Most recordings aren't ruined by bad content — they're ruined by bad acoustics. A great take recorded in a room with a fan running, or near a window with traffic noise, sounds amateurish no matter how good the actual talking is. Nohaya's Audio Cleanup tool exists to fix exactly that, without needing audio engineering skills.
What it cleans up
- Background noise and hiss — the constant low-level hum of a room, fan, or AC unit that you stop noticing while recording but that's obvious to every listener afterward.
- Filler words — "um," "uh," and similar verbal tics can optionally be detected and trimmed, tightening up a recording without you having to manually cut every instance.
When to use it
- Before transcription. Feeding cleaner audio into Speech to Text produces a measurably more accurate transcript than feeding it noisy audio directly.
- Before voice cloning. A clean training sample produces a more accurate Voice Clone — noise in the sample can bleed into generated speech.

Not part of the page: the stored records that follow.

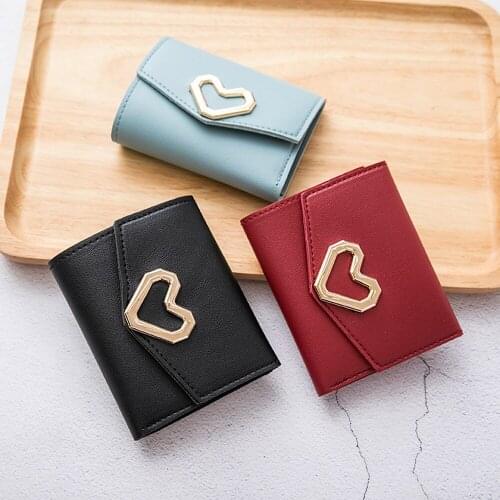 2021 New Fashion Womens Short Wallet Female Heart-Shaped Small Wallet Card Holder Ladies Wallet Female Hasp Mini Clutch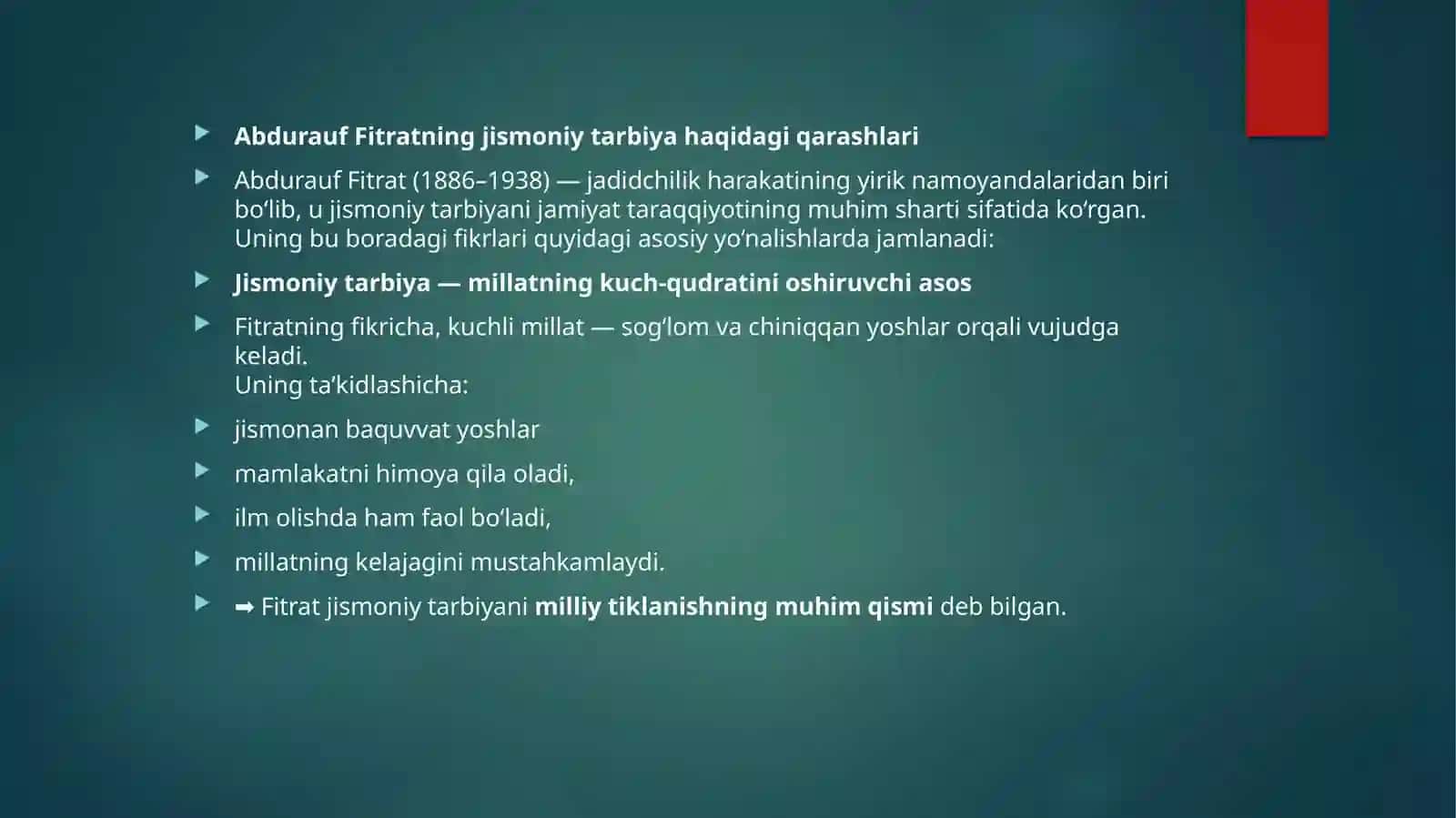 Abdurauf Fitratning jismoniy tarbiya toʻgʻrisida fikrlari 2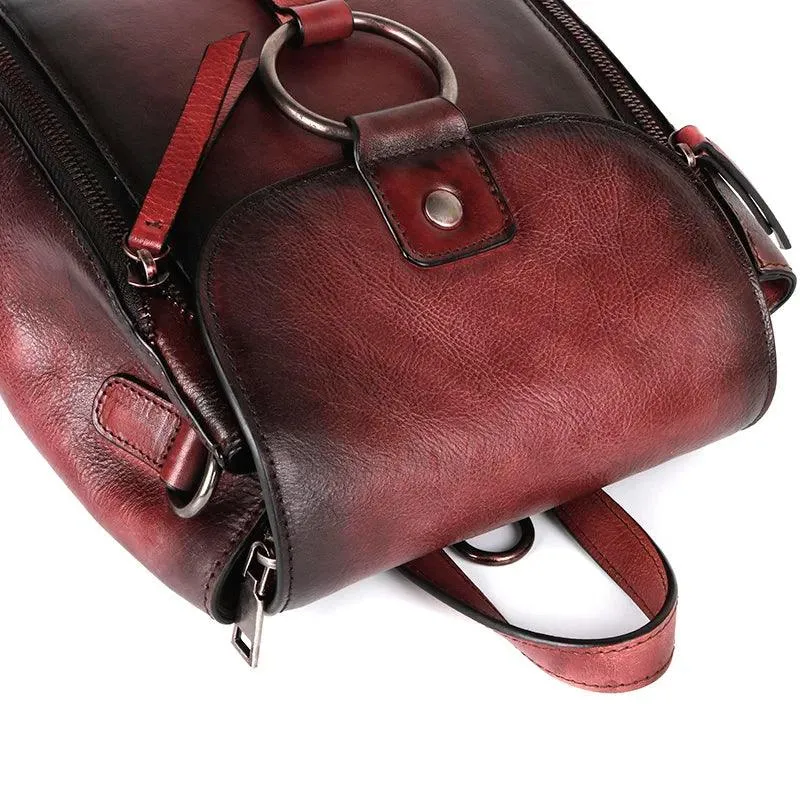 Retro Design Womens High Quality Leather Backpack Daypack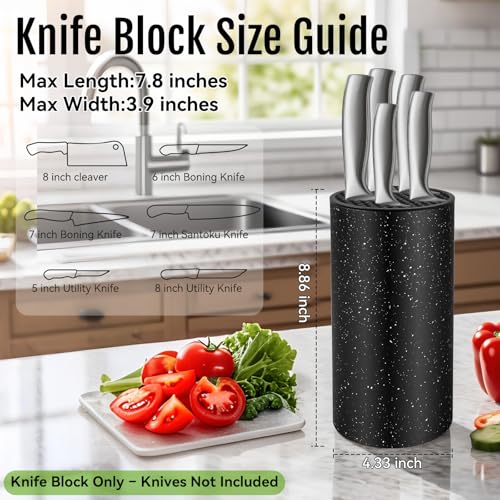 Universal Knife Block Without Knives Ninonly Knife Block Detachable Knife Storage Space Saver for Kitchen Knife Organizer Black - Image 3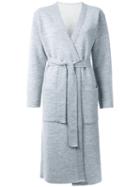 En Route Belted Long Knitted Coat, Women's, Grey, Wool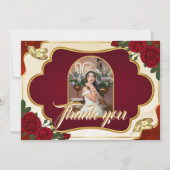 Burgundy Red & Gold Rose Quinceañera Photo Dankeskarte (Vorderseite)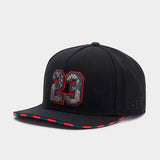 Black Leather Cotton 23 Snapback Hat Hip Hop Baseball Cap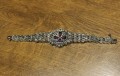 Silver bracelet with natural amethysts and zircons 2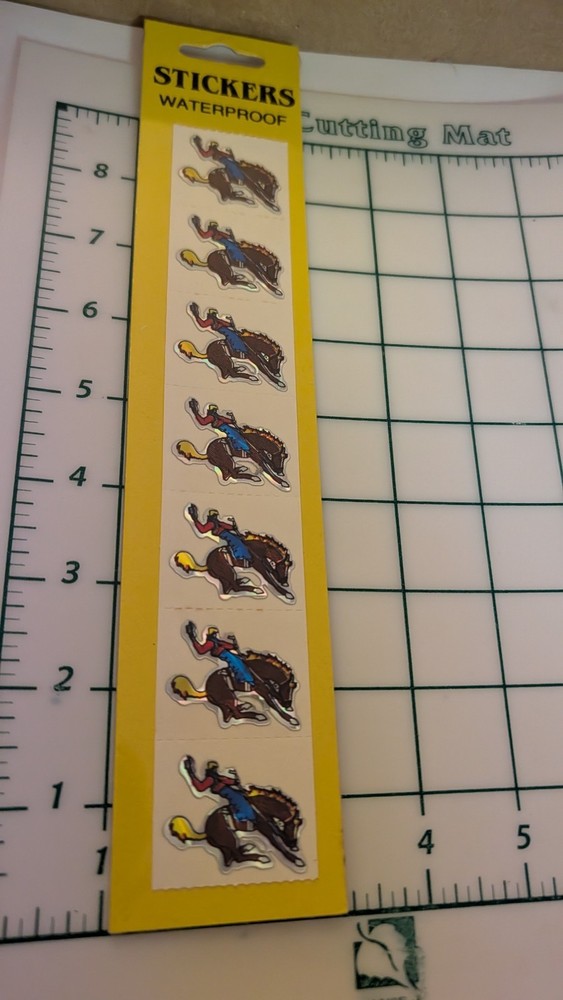 Vintage Stickers BJs Rodeo Horse Cowboy 14 Modules Front And Back New In Pack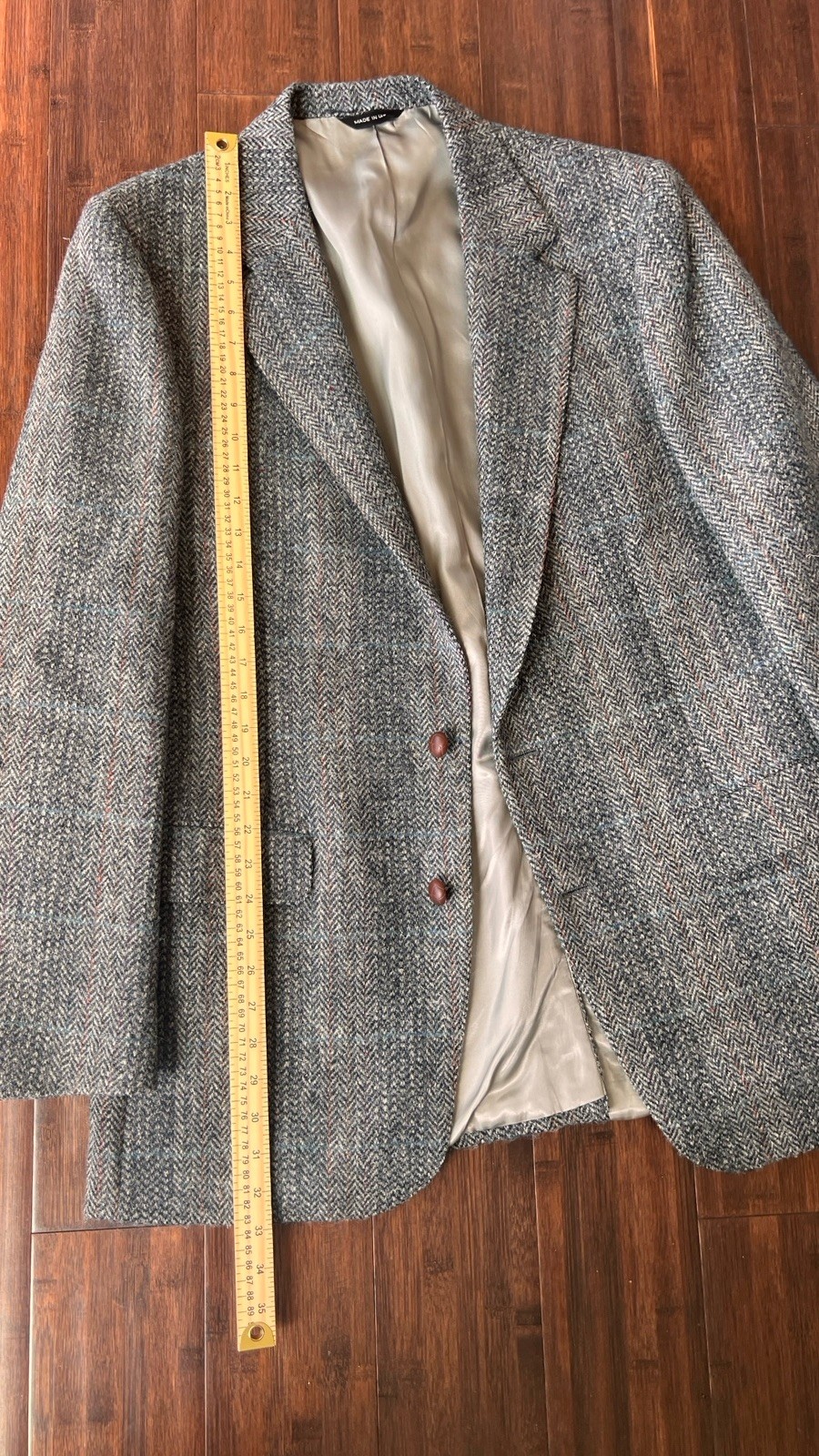 Beautiful Vtg Mens Wool Herringbone Tweed Blazer Sport Coat USA 2-Button Gray 44
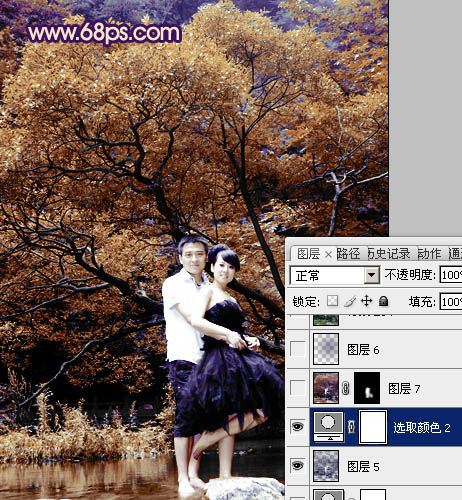 Photoshoop调出外景婚纱照片的紫色调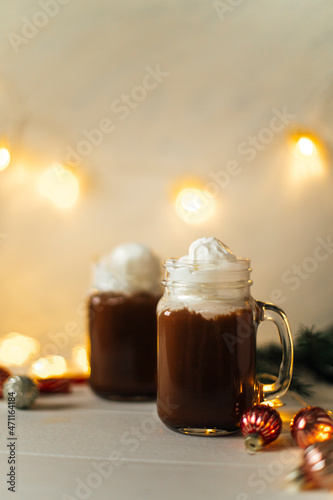 cocoa on a New Year's background, a New Year's drink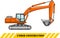 Excavator. Heavy construction machine. Vector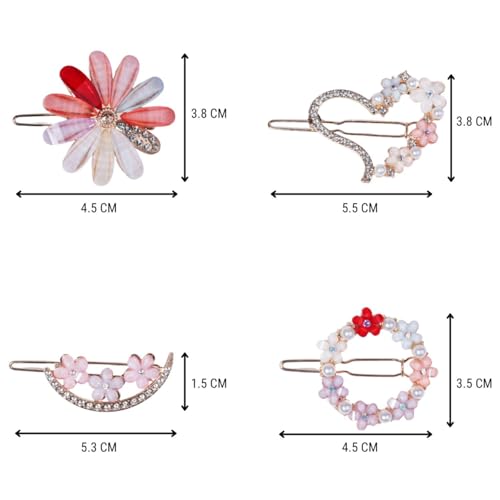 ANNA CREATIONS 4 Pcs Latest Korean Fashion Style Flower Lock Pin Hair Clip Hair Pin Hair Accessories for Women & Girls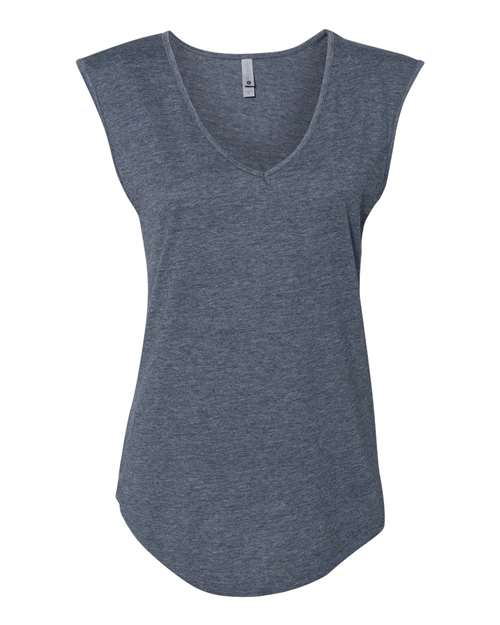 6318 Women's Festival Sleeveless Deep V-Neck T-Shirt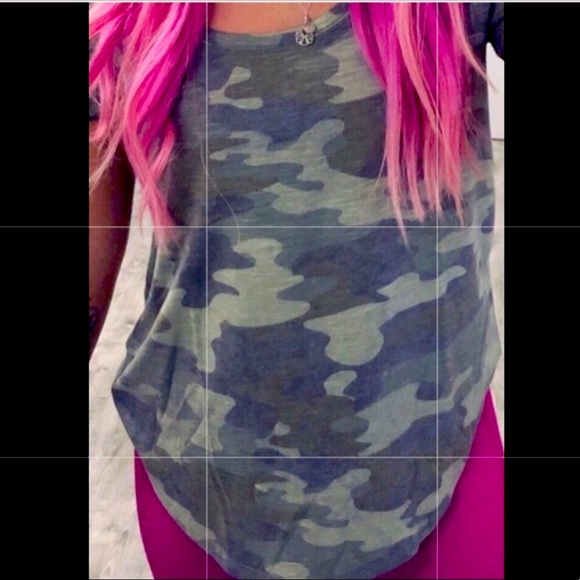 PINK Victoria's Secret Tops - (GIFTED) VS PINK CAMO TSHIRT DOG LOGO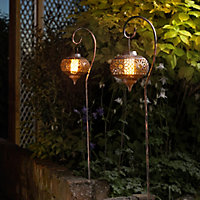 Smart Garden Osman Plastic Bronze effect Solar-powered Outdoor LED Lantern, Pack of 2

- Before publishing, period. Even if you're not feeding the audio into another tool, listener tolerance for background noise is lower than most people assume. Clean audio reads as more professional even when nothing else about the production changed.
What it won't fix
Audio cleanup tools are noise reduction, not magic. A recording with severe clipping (audio that was too loud and distorted at the source), extremely overlapping speech, or a fundamentally bad microphone won't come out sounding like a professional studio take — cleanup improves what's there, it doesn't replace a better original recording. The biggest gains come from moderately noisy audio (a quiet room with a noticeable hum or hiss), not severely damaged audio.
A simple before/after habit
If you record regularly in the same space, run one sample clip through Audio Cleanup and compare it side by side with the original. Once you know how much a quick pass improves your typical setup, it's easy to build the habit of cleaning every recording before it goes anywhere near a transcript, a clone, or a publish button.